What you need to do:
Give the data below again exactly as written, but without the pictures.

[Records contained in a dataset]

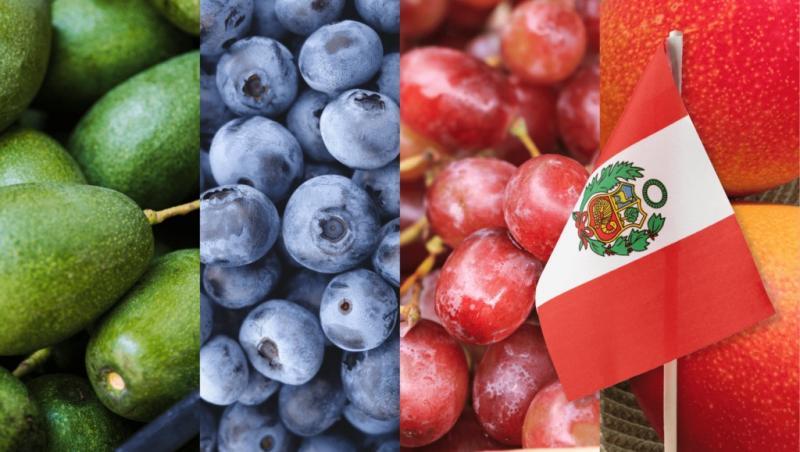 Perú exportó 2.659.165 toneladas de frutas por US$ 6.520 millones entre enero y noviembre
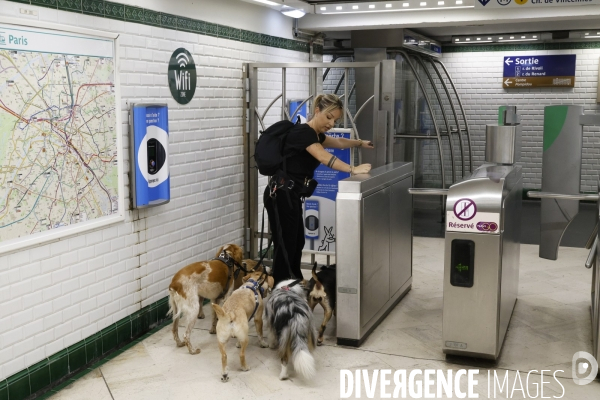 Promeneuse pour chiens dans le metro parisien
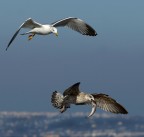 Sopravvivenza Sopravvivenza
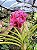 Orquídea Vanda Kulwadee Fragance Red - Imagem 1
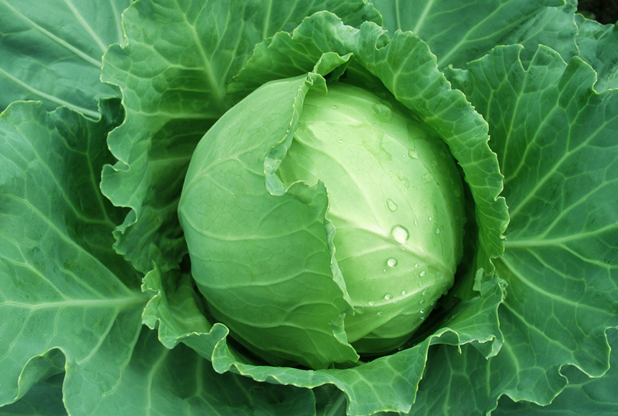 orto in cucina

Task answer:
 Perú exportó 2.659.165 toneladas de frutas por US$ 6.520 millones entre enero y noviembre
 Promeneuse pour chiens dans le metro parisien
 Sopravvivenza Sopravvivenza
 Orquídea Vanda Kulwadee Fragance Red - Imagem 1
 orto in cucina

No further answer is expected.